Task objective -
Go to the line holding "OR 97401, USA" in the data below and repeat it exactly, then each line after it up to and including the one holding "1101 River Oaks Drive Property Photo 30". Omit pictures.

Records to process -
^^^^^^^^
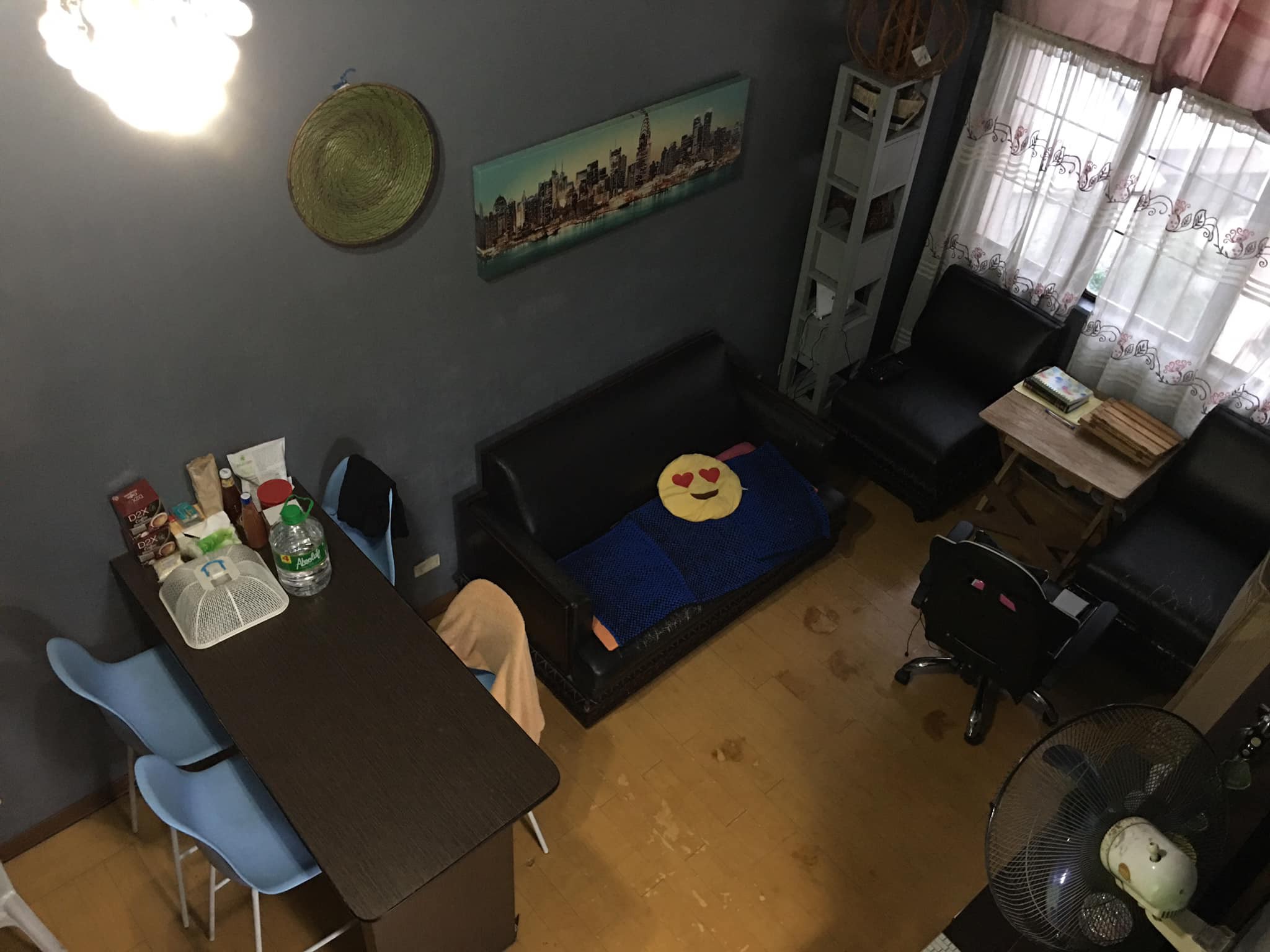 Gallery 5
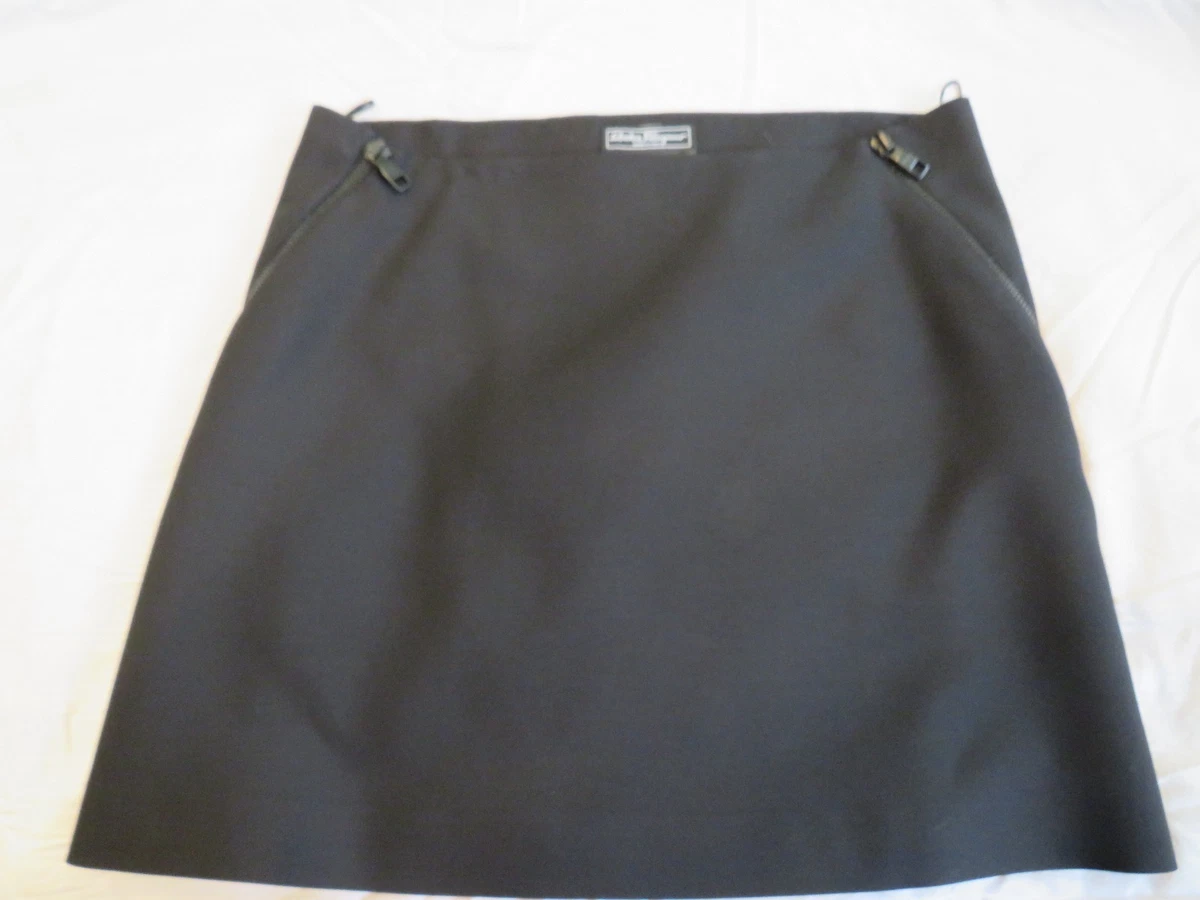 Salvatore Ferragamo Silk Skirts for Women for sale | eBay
^^^^^^^^
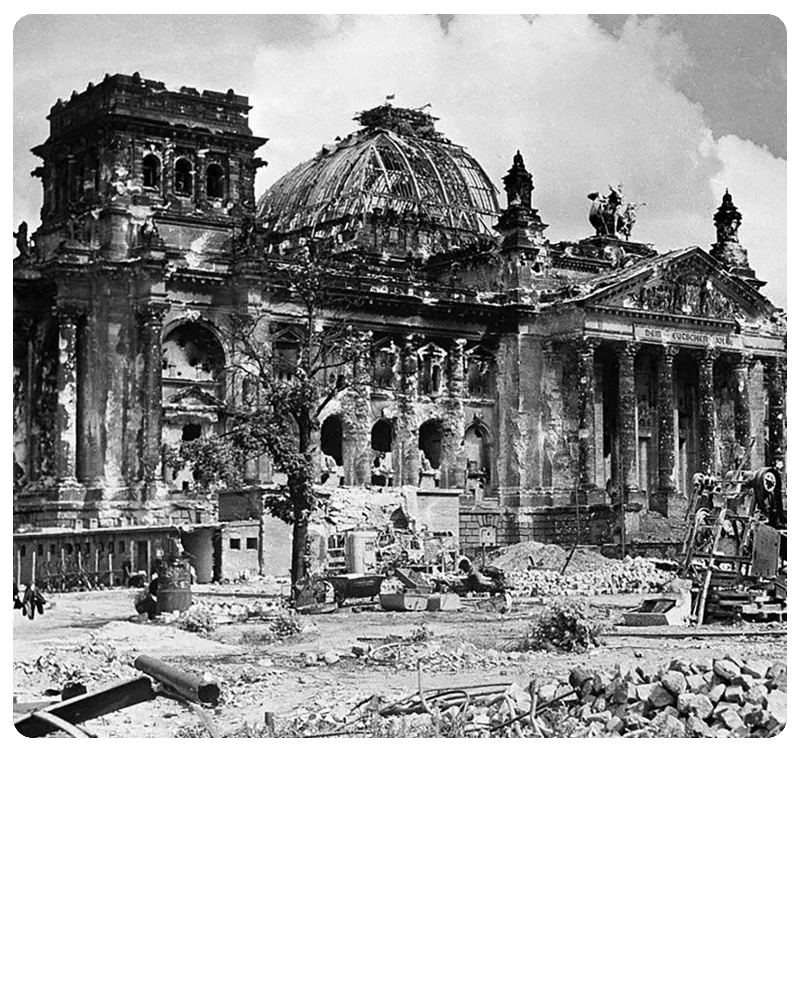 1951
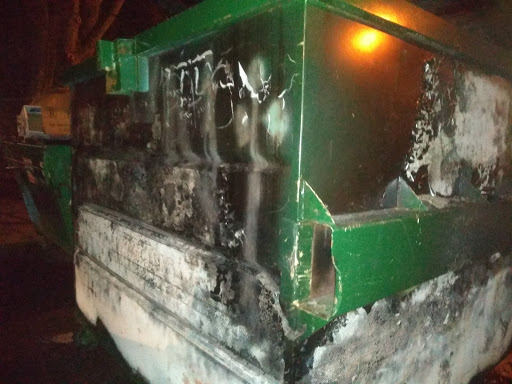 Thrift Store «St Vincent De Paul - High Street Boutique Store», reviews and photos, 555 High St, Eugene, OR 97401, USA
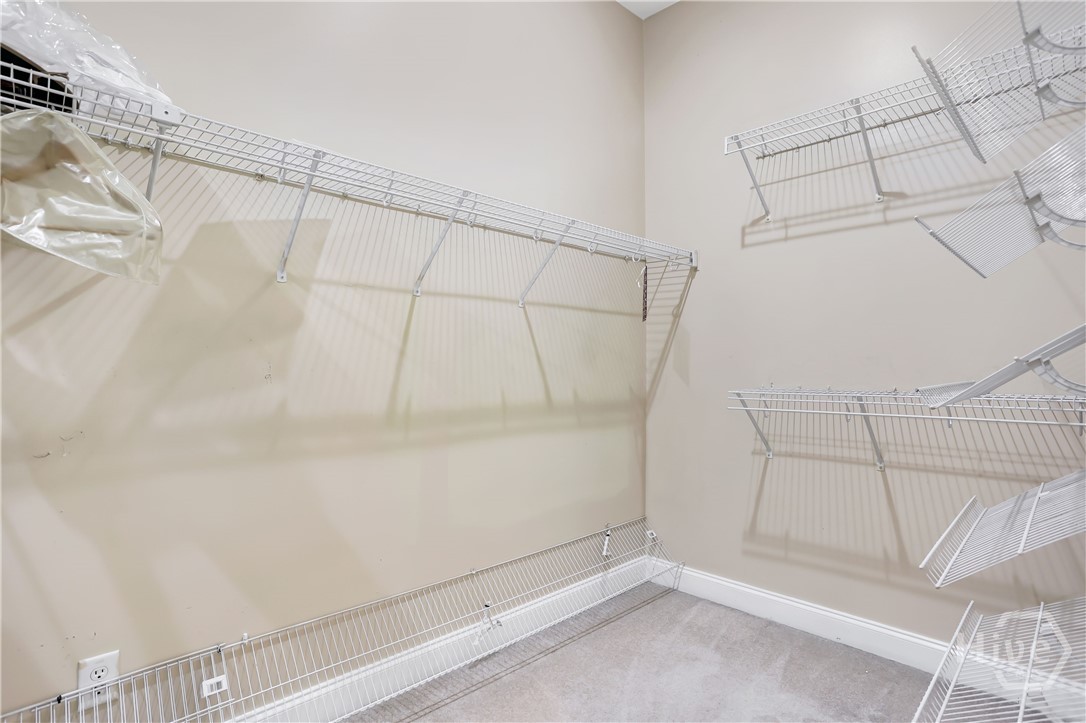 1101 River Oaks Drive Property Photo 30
^^^^^^^^
Reply -
 Thrift Store «St Vincent De Paul - High Street Boutique Store», reviews and photos, 555 High St, Eugene, OR 97401, USA
 1101 River Oaks Drive Property Photo 30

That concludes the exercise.